International statement art
The Manchester Street Art isn’t all locally inspired; Dale Grimshaw took part in Cities of Hope as a special guest and created a tribal portrait on Spear Street dedicated to those people fighting for independence in West Papua, and Hyuro’s war children ‘war children’ at the car park on Brightwell Walk is a moving tribute to children who don’t have a childhood.
Taggers mark their territory
Many street artists begin by tagging – scrawling their name or crew in a basic, unartful way. It’s what most of us think of as graffiti. Norwegian street artist Martin Watson makes art of this by creating a man spraying leaves onto a tree in the form of tags, with the tags in multiple shades of green. Perhaps it’s only expected that this whole work of art should be scrawled over by a tag. Ruined? It depends what you consider to be art. Personally it makes me smile and reminds me that street art is a complicated eco system.
Works of Manchester street art big and small
The huge work of art on Church Street was painted by a collective of four artists called Subism. It’s best seen from some distance; in fact it’s so massive you can’t unsee it. On the micro level there are small artistic touches everywhere, like the pretty tiled street signs by Majolica Works that are also useful or navigating round the quarter; blue tiles with white send you east to west, with white tiles with blue writing on streets linking north to south.
We finish our walking tour at Manchester Craft and Design Centre which used to be the Smithfield market.
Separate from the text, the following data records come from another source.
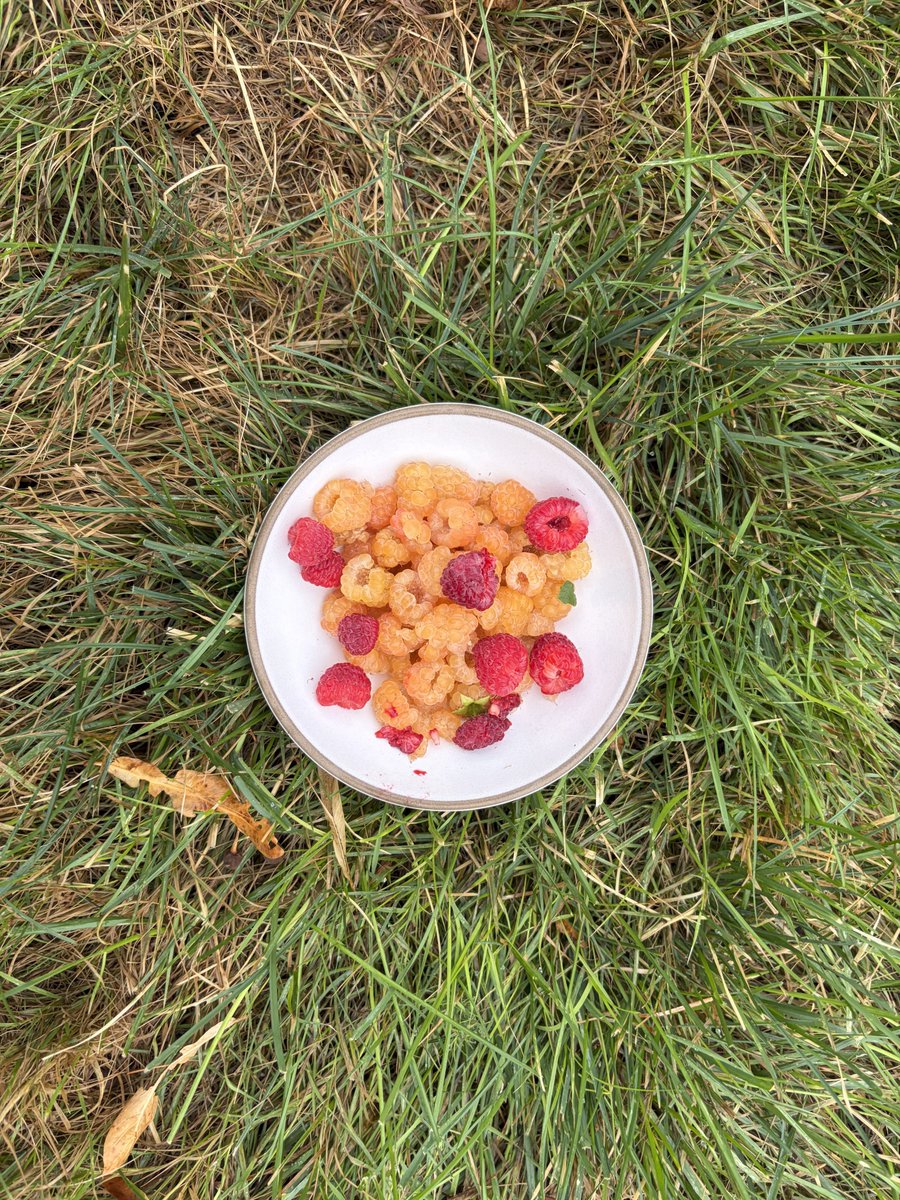 larrymcdonough's tweet photo. Very Berry Summer
That says it all! Some plants yielded two harvests!
https://t.co/tbGVQSnHAJ https://t.co/fZ5j0z8Q6Z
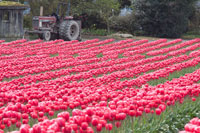 Vibrant Pink Tulips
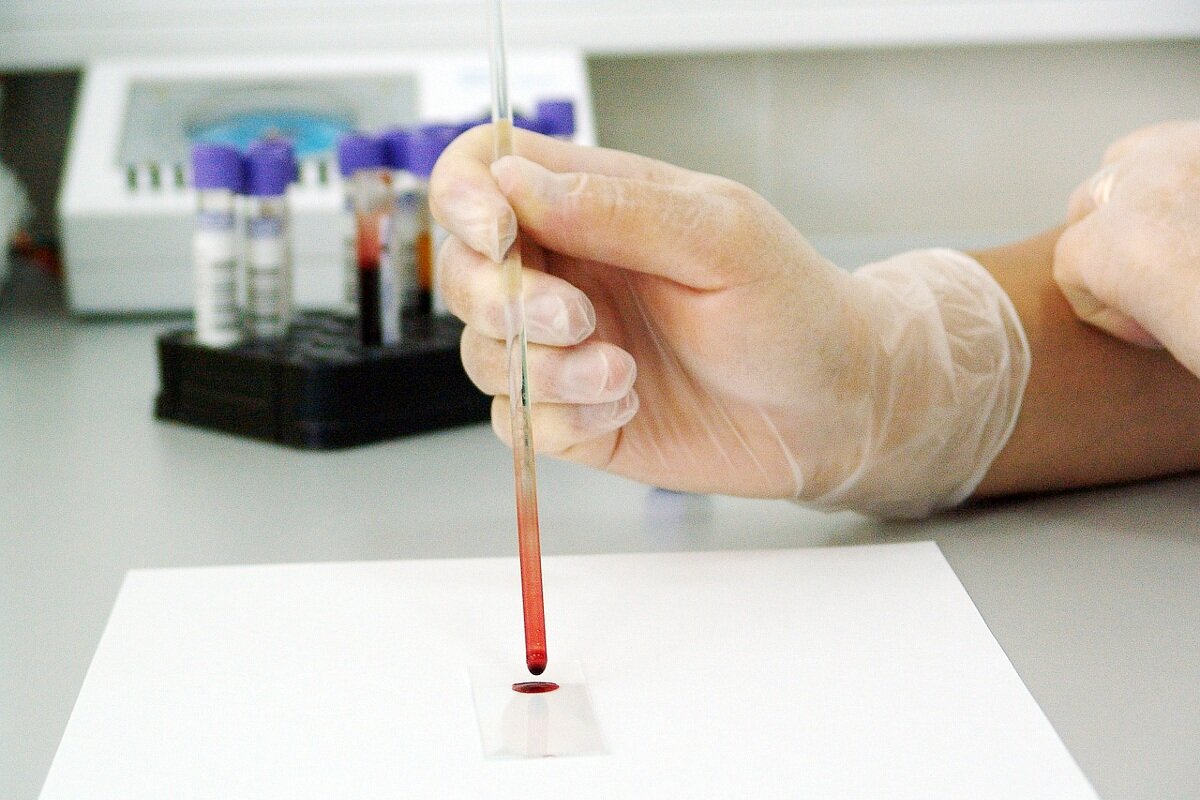 Фото: PublicDomainPictures/Pixabay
There’s a little exhibition space and lots of art works to buy but it can’t match up to the prosaic works of art and their juxtaposition with real life out on the streets. Like the mural of a bus next to a bus stop with a real bus going nowhere. The giant dustpan and brush sculpture New Broom by George Wylie is made real by the bags of rubbish waiting to be collected as a road sweeper trundles past. That may not be everyone’s idea of art but it is Manchester’s Northern Quarter. Cultural but unpretentious. Raw but real.
More attractions for families
Looking for more places to go in Manchester? Take the kids to sports mecca – the National Football Museum. Or organise your own Manchester sporting weekend.
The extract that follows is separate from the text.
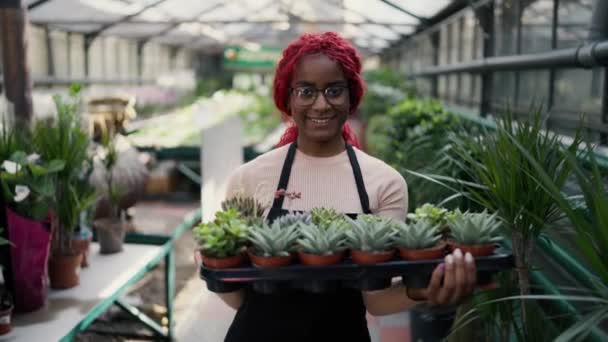 Portrait Travailleur Multiethnique Tenant Rangée Jeunes Succulents Regardant Vers Caméra — Video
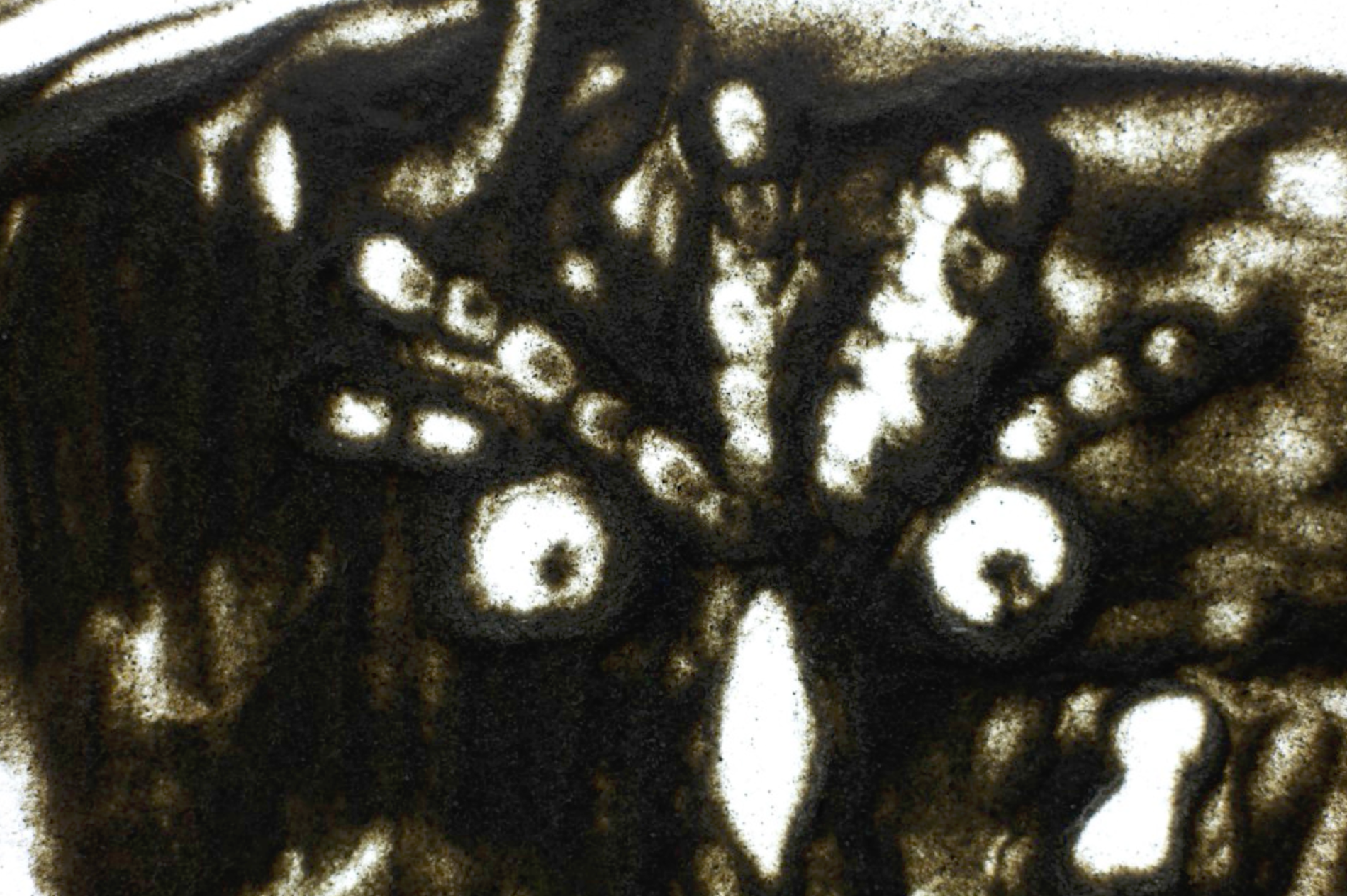 Screenshot 2026-01-12 at 9.46.03 PM.png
Or if you want a further fix of art try out this virtual tour of London galleries.
I love the way this bring together so many elements of Manchester – its industrial heritage, its creative present, its music, poetry, politics, and the bees (I’ve been spotting photos of some of the new sculptures from friends who live here). And sounds like so much to see in a relatively compact area too, or as you wander from a to b. A city I really need to get back to before long. #citytripping
This is great! I am sure you had a fun time checking these out. I have done a graffiti tour of Tel Aviv and thoroughly enjoyed it. The guide really helped to explain the meaning behind some of the pieces.
#citytripping
Mr Havekids and I only recently visited Manchester, we loved it, its a light and airy city and so easy to get round with the trams. Must admit though we didn’t see any of this fab wall art as we had a tight agenda, definately a reason to go back soon methinks!
Wow! Thanks for posting this – beautiful pics of inspired art. I loved the variety of subjects and styles. Our family travels are currently taking us away from the UK, but if we have an opportunity to do a similar tour in another city, I think we will take it!